Available records START

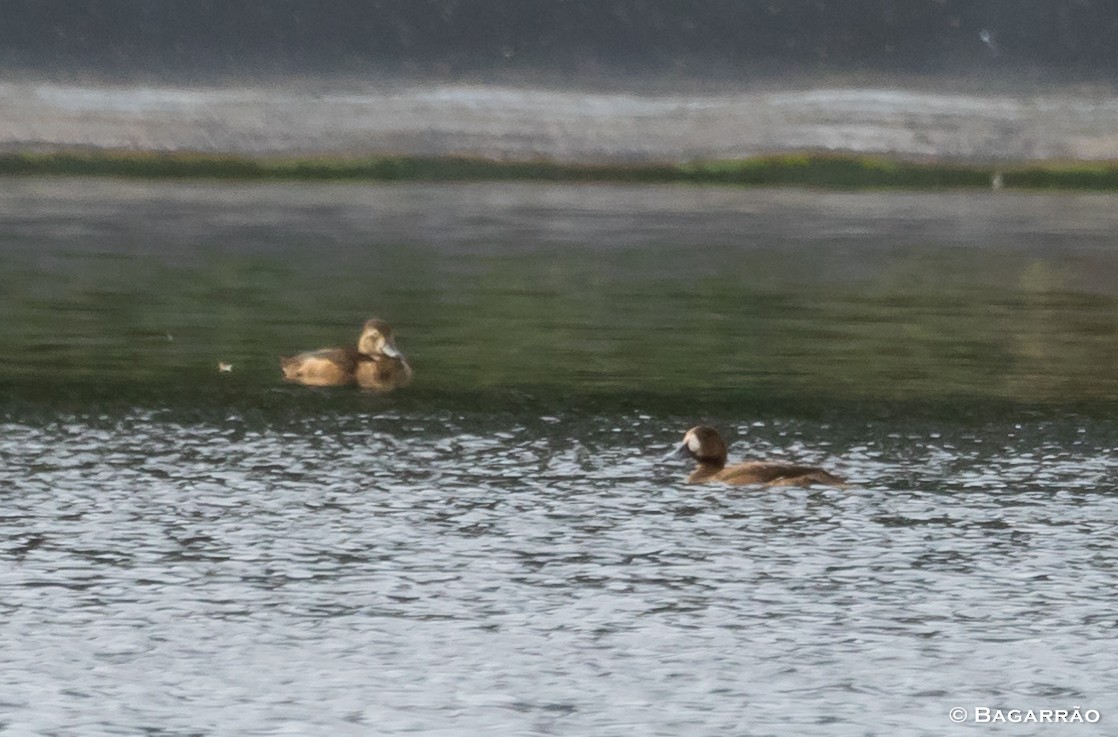 Greater Scaup - ML122468261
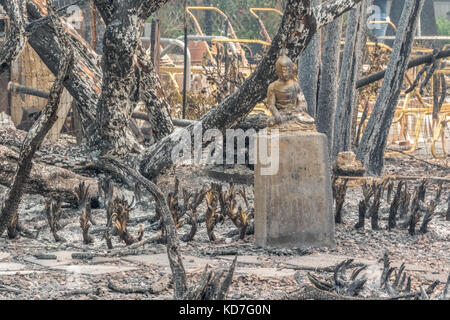 Le Comté de Sonoma, en Californie, USA. 09Th oct, 2017. Le comté de Sonoma, California, United States, lundi, 9 octobre 2017. devistation dans tout comté. crédit : kathryn capaldo/Alamy live news Banque D'Images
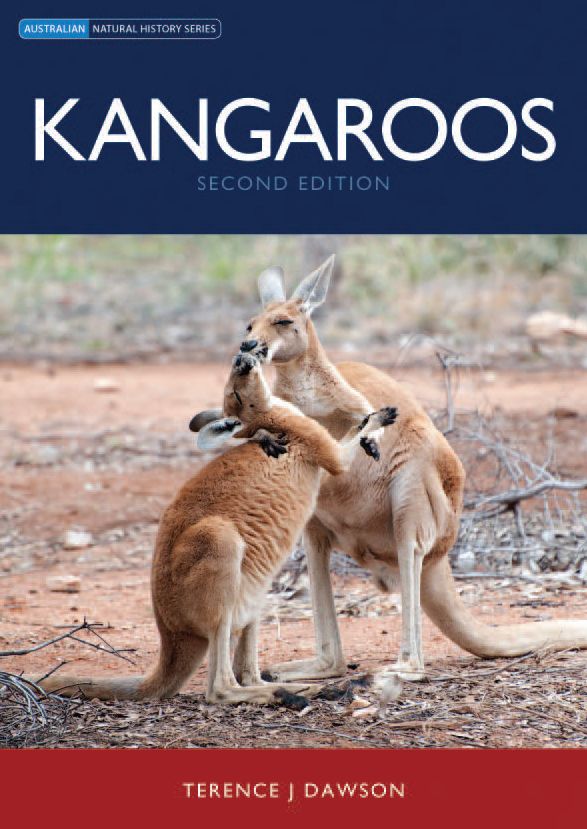 Kangaroos [OP]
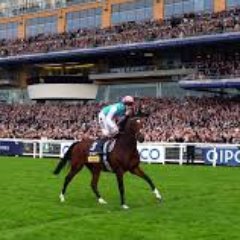 Horseracing and sports punter by trade. BSP 900pts profit in last 5 years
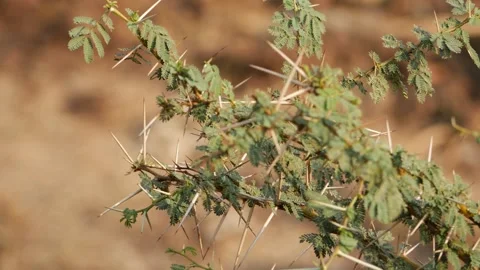 Macro shot of desert tree branch, Spines on the branch of desert plant Stock Footage 150734149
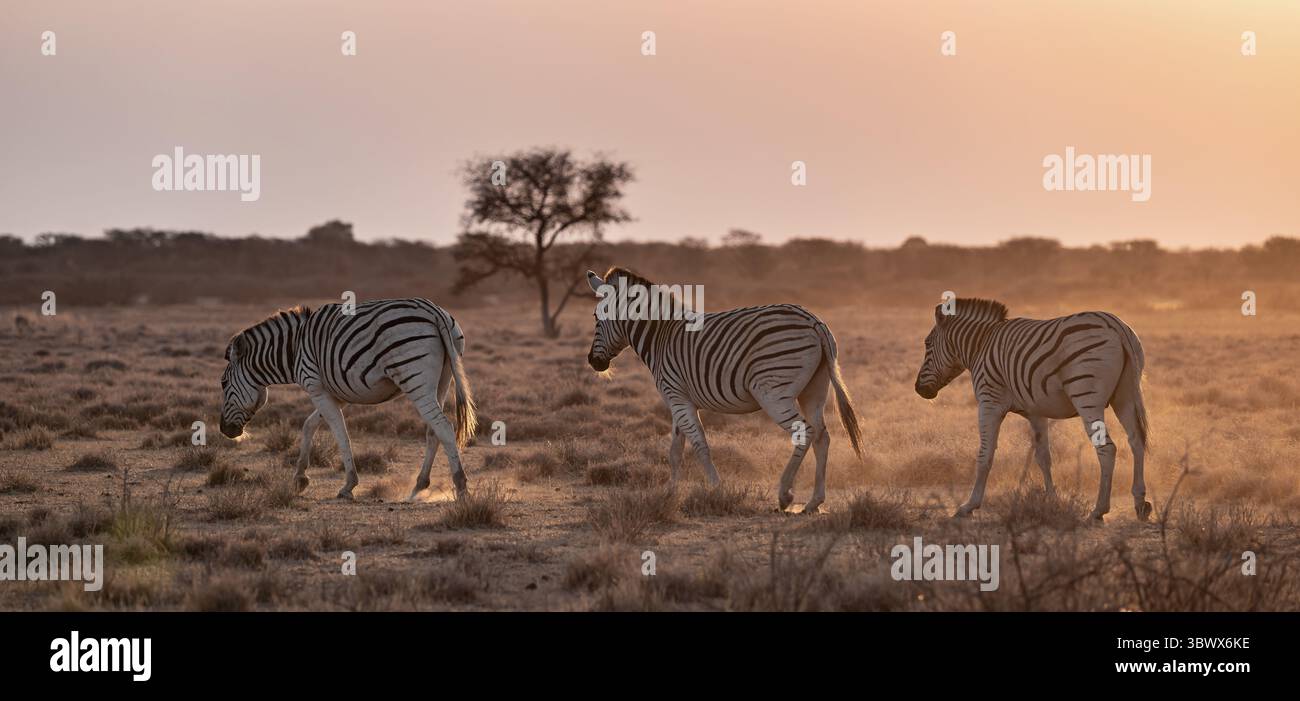 Zèbre steppique (Equus quagga), dans la savane sèche, à la lumière du soir, Parc National Kruger, Afrique du Sud Banque D'Images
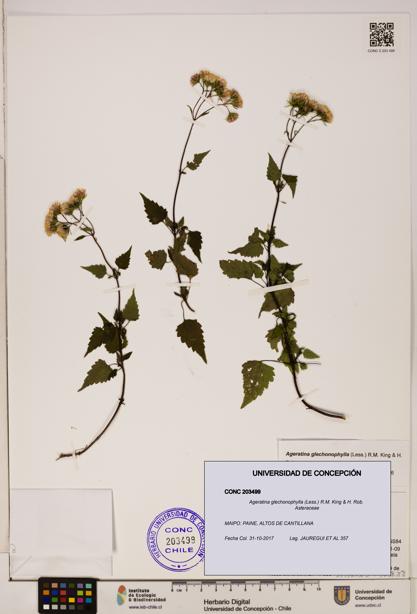 Ageratina glechonophylla [Espécimen: UDEC:CONC:0203499]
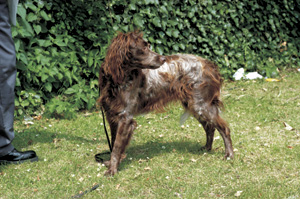 �|���E�I�[�h�����E�X�p�j�G��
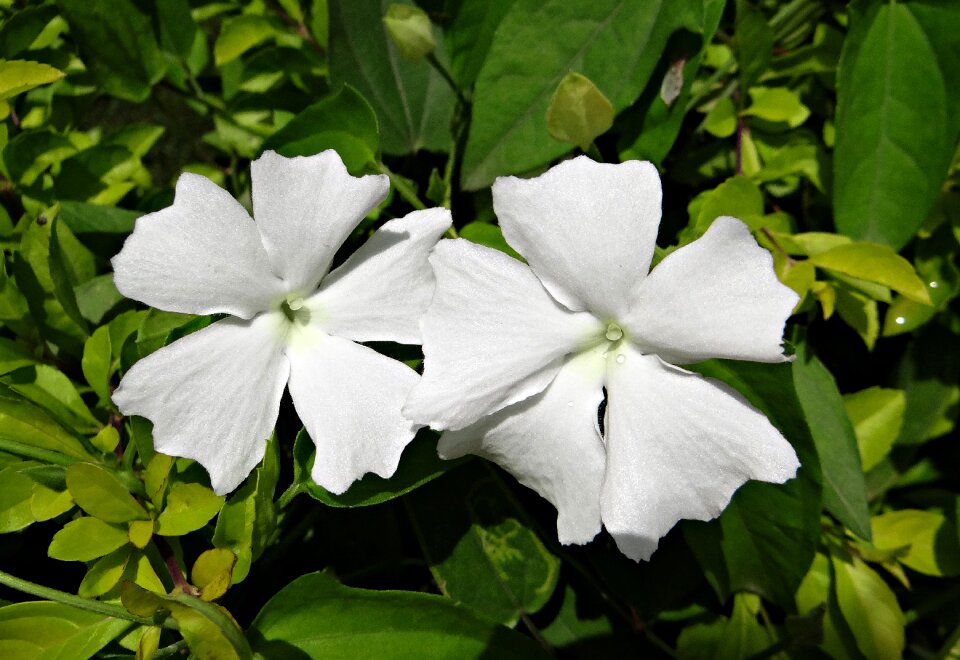 Thunbergia fragrans sweet clock vine white thunbergia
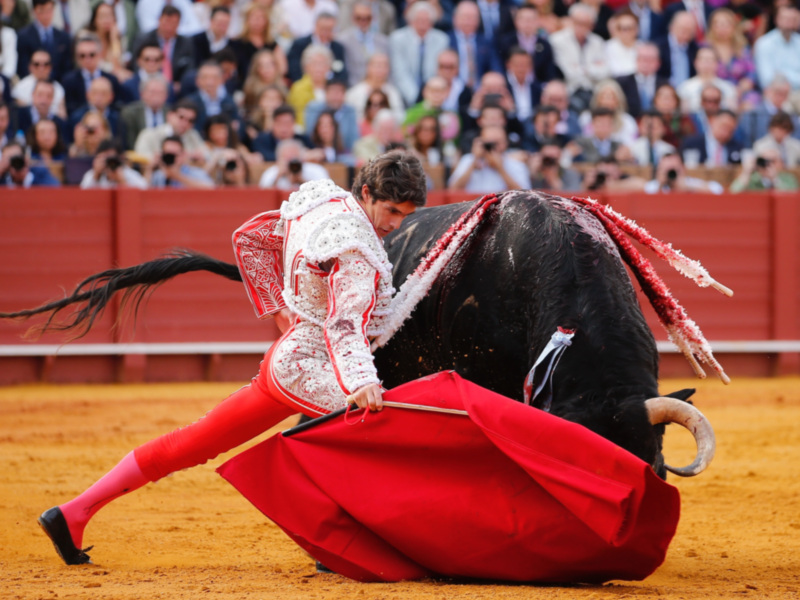 Matador in traditional costume performing with a bull in a bullfight.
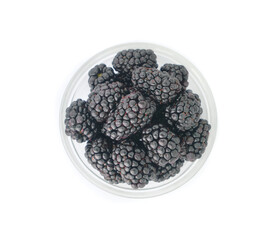 Small bowl of big juicy blackberries with antioxidants isolated on white background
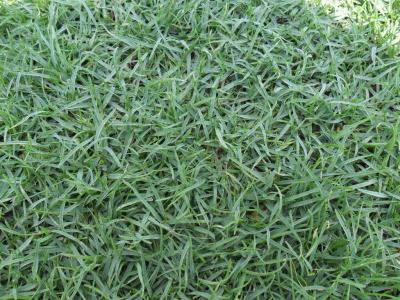 เกรดพรีเมี่ยม 1 ปอนด์ เมล็ดหญ้าพาสพาลัม Paspalum Grass หญ้าปูสนาม สนามหญ้า พืชตระกูลหญ้า เมล็ดพันธ์หญ้า ปูหญ้า ปูสนาม สนามหญ้าและสวน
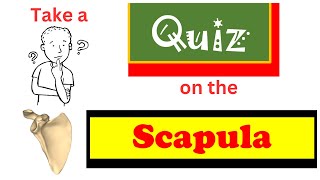 Quiz on the scapula [upl. by Llennoc]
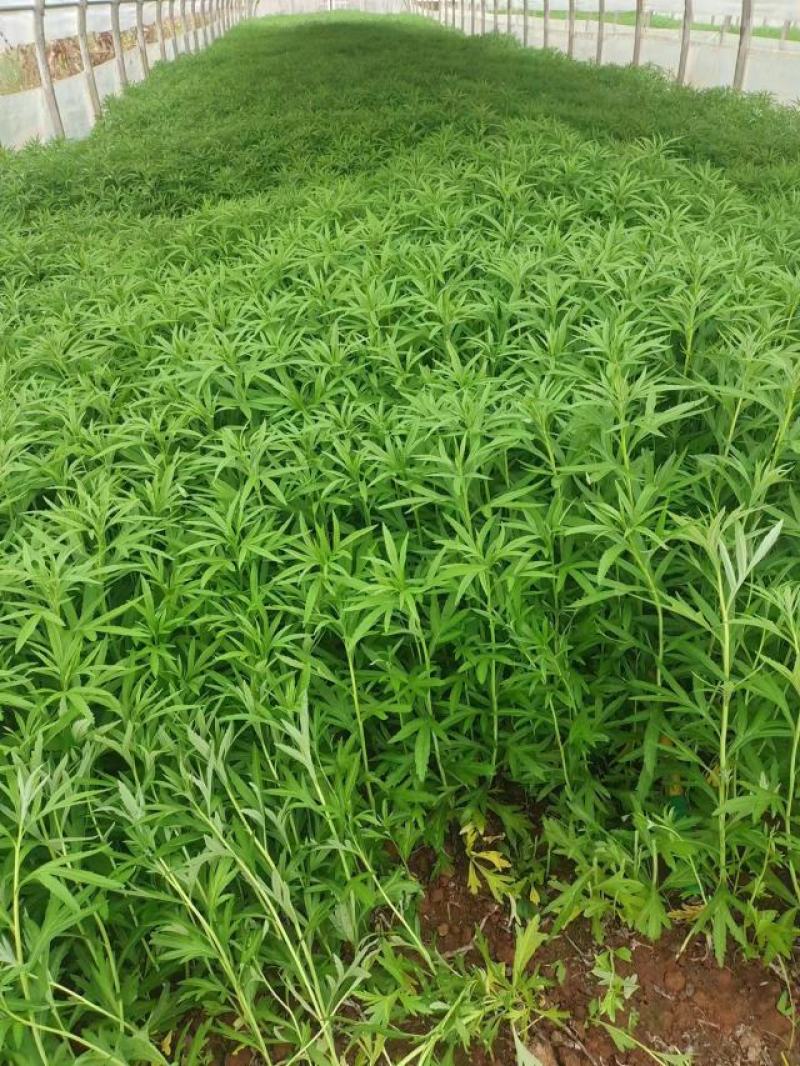 精品芦蒿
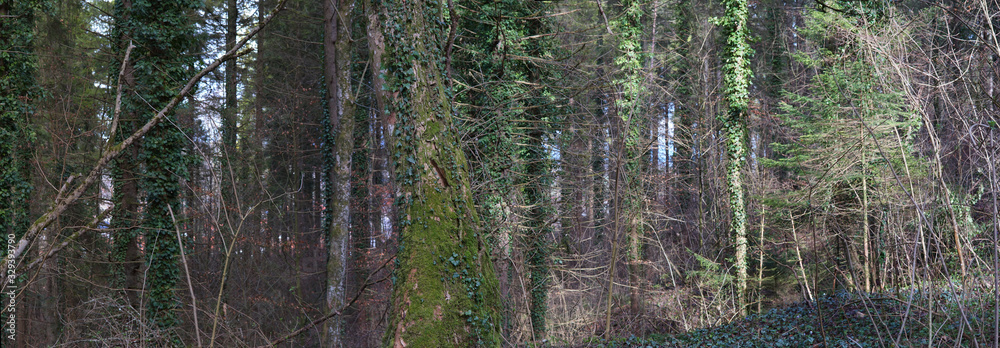 Frühlingspanorama im Wald bei Vagen Frühlingspanorama im Wald bei Vagen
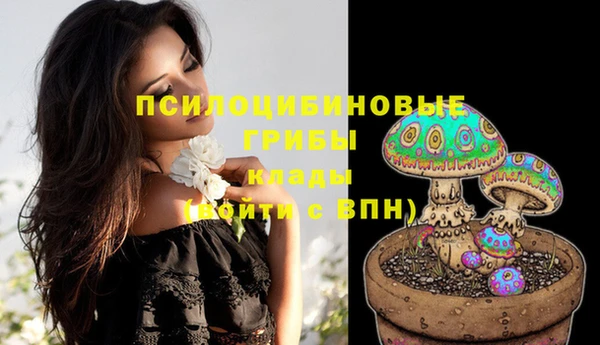 молекула духа Беломорск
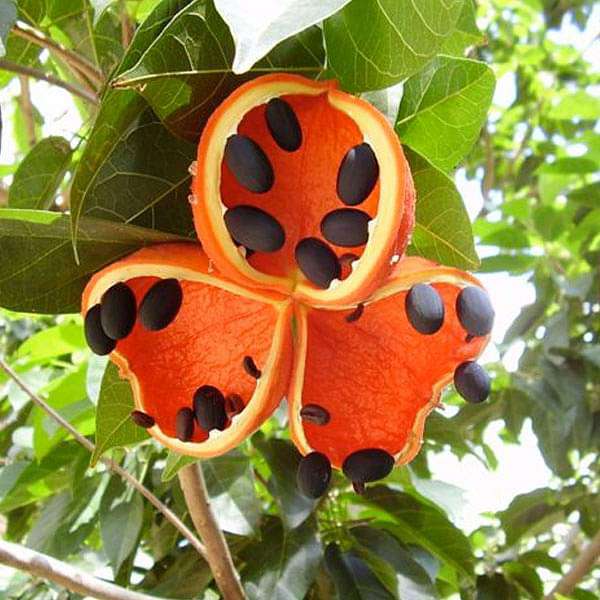 Sterculia Foetida, Jungli Badam - Plant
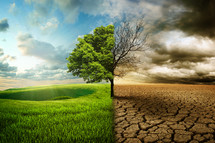 A picture of life and plenty on the left side, but drought and death on the right side.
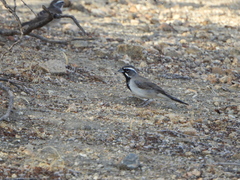Amphispiza bilineata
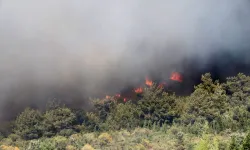 Manisa'nın Saruhanlı ilçesinde çıkan orman yangınına müdahale ediliyor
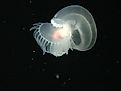 The recently discovered Bathydevius caudactylus, a sea slug, or nudibranch. NOAA Photo Library: expl0806, CC By 2.0, https://creativecommons.org/licenses/by/2.0/deed.en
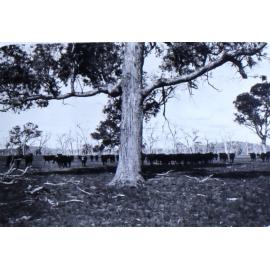 Mob of cattle being mustered
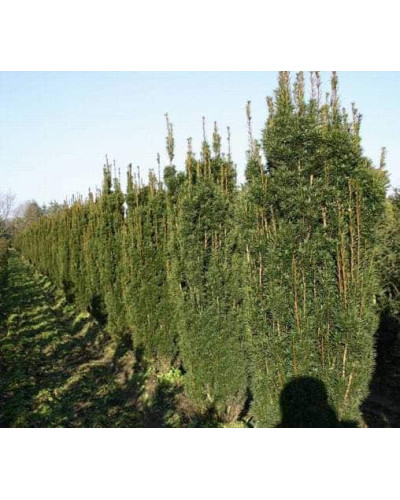 Тис ягідний Фастігіата Робуста | Тис ягодный Фастигиата Робуста | Taxus baccata Fastigiata Robusta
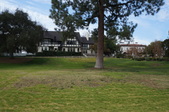Enlarge photo 115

Available records END

== Work task ==
A faithful copy of all the data above is required, printed exactly and with no pictures.

== Written answer ==
 Greater Scaup - ML122468261
 Le Comté de Sonoma, en Californie, USA. 09Th oct, 2017. Le comté de Sonoma, California, United States, lundi, 9 octobre 2017. devistation dans tout comté. crédit : kathryn capaldo/Alamy live news Banque D'Images
 Kangaroos [OP]
 Horseracing and sports punter by trade. BSP 900pts profit in last 5 years
 Macro shot of desert tree branch, Spines on the branch of desert plant Stock Footage 150734149
 Zèbre steppique (Equus quagga), dans la savane sèche, à la lumière du soir, Parc National Kruger, Afrique du Sud Banque D'Images
 Ageratina glechonophylla [Espécimen: UDEC:CONC:0203499]
 �|���E�I�[�h�����E�X�p�j�G��
 Thunbergia fragrans sweet clock vine white thunbergia
 Matador in traditional costume performing with a bull in a bullfight.
 Small bowl of big juicy blackberries with antioxidants isolated on white background
 เกรดพรีเมี่ยม 1 ปอนด์ เมล็ดหญ้าพาสพาลัม Paspalum Grass หญ้าปูสนาม สนามหญ้า พืชตระกูลหญ้า เมล็ดพันธ์หญ้า ปูหญ้า ปูสนาม สนามหญ้าและสวน
 Quiz on the scapula [upl. by Llennoc]
 精品芦蒿
 Frühlingspanorama im Wald bei Vagen Frühlingspanorama im Wald bei Vagen
 молекула духа Беломорск
 Sterculia Foetida, Jungli Badam - Plant
 A picture of life and plenty on the left side, but drought and death on the right side.
Amphispiza bilineata
 Manisa'nın Saruhanlı ilçesinde çıkan orman yangınına müdahale ediliyor
 The recently discovered Bathydevius caudactylus, a sea slug, or nudibranch. NOAA Photo Library: expl0806, CC By 2.0, https://creativecommons.org/licenses/by/2.0/deed.en
 Mob of cattle being mustered
 Тис ягідний Фастігіата Робуста | Тис ягодный Фастигиата Робуста | Taxus baccata Fastigiata Robusta
Enlarge photo 115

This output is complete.